Add `252 -> SQL_BOOLEAN` mapping in `ora2sql_type()` so
`$sth->{TYPE}` correctly reports `SQL_BOOLEAN` (16).
- `oci8.c`: Add case 252 in `dbd_describe()` with `disize = 6` to
accommodate the longest string representation ("FALSE\0") when OCI
converts SQLT_BOL to a null-terminated string, avoiding a buffer
overflow.
- `Oracle.xs`: Export `ORA_BOOLEAN = 252` as a named constant.
- `lib/DBD/Oracle.pm`: Add `ORA_BOOLEAN` to the `:ora_types` export
tag and update all documentation sections listing Oracle type
constants. Add a description of the type and its SQL_BOOLEAN mapping.

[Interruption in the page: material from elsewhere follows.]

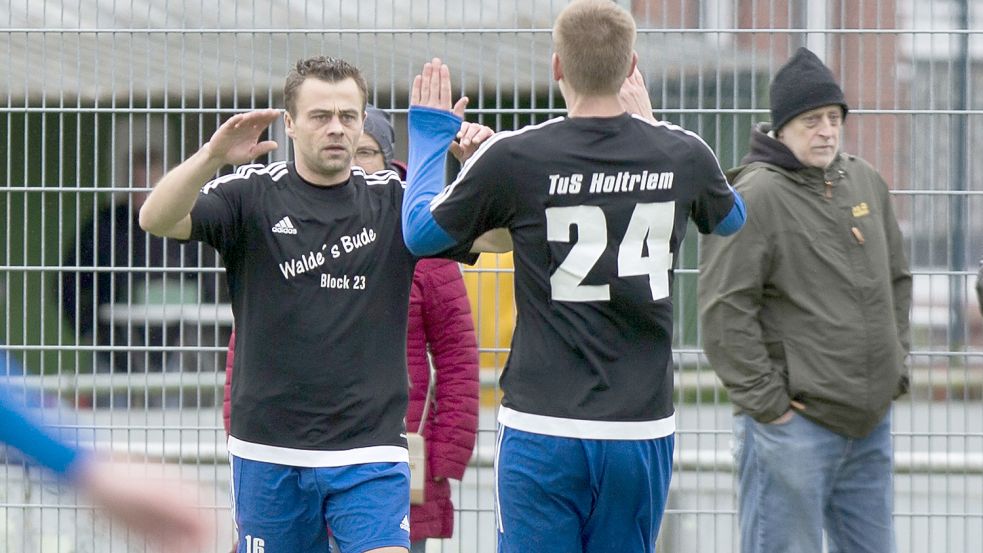 Thorsten Lettau (links) feiert einen seiner drei Treffer in Borssum. Foto: Doden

- `t/20select.t`: Add 5 tests in a version-gated SKIP block
(requires Oracle >= 23) covering the ORA_BOOLEAN constant value,
`$sth->{TYPE}` reporting SQL_BOOLEAN, and fetched true/false values.

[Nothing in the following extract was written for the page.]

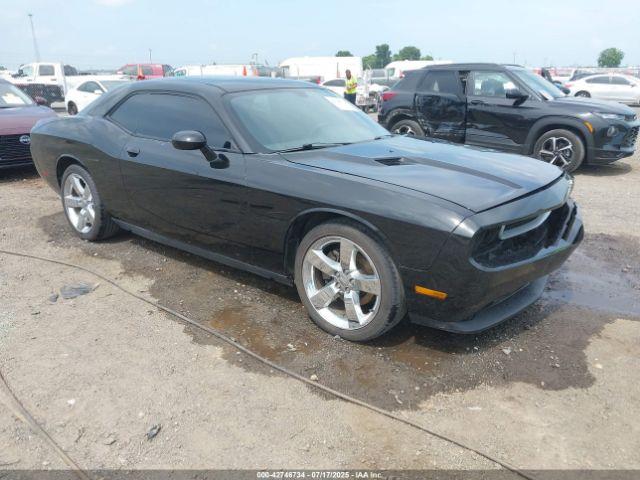  Salvage Dodge Challenger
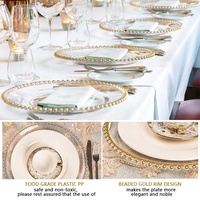 Vente en gros 13 pouces sous l'assiette en plastique transparent argenté de table élégantes assiettes de présentation perlées à bordure en or rose pour mariage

When a PL/SQL block returned a SYS_REFCURSOR that was never opened (OCI_STMT_STATE_INITIALIZED), pp_exec_rset() replaced phs->sv with newSV(0) without first decrementing the refcount on the original SV. This leaked the user's bound scalar on every execute and silently disconnected it from the placeholder, so subsequent re-executes of the same statement wrote into an orphaned SV instead of the user's variable. Replace the `phs->sv = newSV(0)` assignment with `SvOK_off(phs->sv)`, which clears the SV to undef in place. This preserves the original binding, avoids the refcount leak, and keeps re-execute working correctly. The OCI_STMT_STATE_INITIALIZED path was introduced for RT#82663 (null cursor handling) but the leak has been present since that change. Fixes: gh#217
Document how to connect to Oracle over TLS/SSL using TCPS protocol. TLS is handled by the Oracle client libraries (OCI) and works transparently once the client-side sqlnet.ora and wallet/certificates are configured. Covers Oracle Wallet setup, sqlnet.ora configuration, system certificates (19c+), TNS entries with TCPS, and inline connect descriptors.

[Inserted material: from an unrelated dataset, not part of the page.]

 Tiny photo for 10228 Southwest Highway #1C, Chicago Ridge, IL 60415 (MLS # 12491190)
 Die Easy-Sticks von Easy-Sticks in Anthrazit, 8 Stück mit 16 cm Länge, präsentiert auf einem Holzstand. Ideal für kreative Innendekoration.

- Add code examples for enabling FAN via connect attribute and environment variable - Explain what FAN does (HA events from Oracle RAC clusters) - Show common usage pattern combining `ora_events` with `ora_drcp` - Clarify that `ora_events` is **not** related to Oracle Database Change Notification (DCN/CQN) - Remove duplicate `ORA_EVENTS` environment variable check
Binding a placeholder with `ora_type => ORA_DATE` previously caused a fatal error: > Can't bind :p1, ora_type 12 not supported by DBD::Oracle `ORA_DATE` (type 12) was missing from the `oratype_bind_ok()` whitelist in `dbdimp.c`. The bound value is handled as a string by `dbd_rebind_ph_char()` (the default path), which correctly passes it to Oracle for implicit NLS date conversion — consistent with how the fetch side already handles `ORA_DATE`. - **dbdimp.c** — Added `case 12: /* DATE */` to `oratype_bind_ok()` switch - **t/95-gh84_ora_date_bind.t** — New test: verifies `bind_param` with `ora_type => ORA_DATE` no longer croaks, executes an INSERT, and round-trips the value via SELECT - **MANIFEST** — Added `t/95-gh84_ora_date_bind.t` (and two previously missing `t/94-*` entries)
Guard the call to `SvGROW` in `dbdimp.c` so we only grow the Perl SV when `phs->maxlen > 0`. Previously `SvGROW(phs->sv, phs->maxlen-1)` could underflow when `phs->maxlen` was 0 (e.g. bind_param_inout with undef), producing a huge unsigned size and triggering Perl's "memory wrap" panic (seen in GH#105 / RT94232). This adds a simple defensive check and keeps behavior identical when `maxlen` is positive. - File changed: `dbdimp.c` - Key change: only call `SvGROW(phs->sv, ...)` for `phs->ftype == 96` when `phs->maxlen > 0`. This fixes the panic observed when rebinding zero-length in/out parameters and prevents passing an enormous value to `SvGROW`.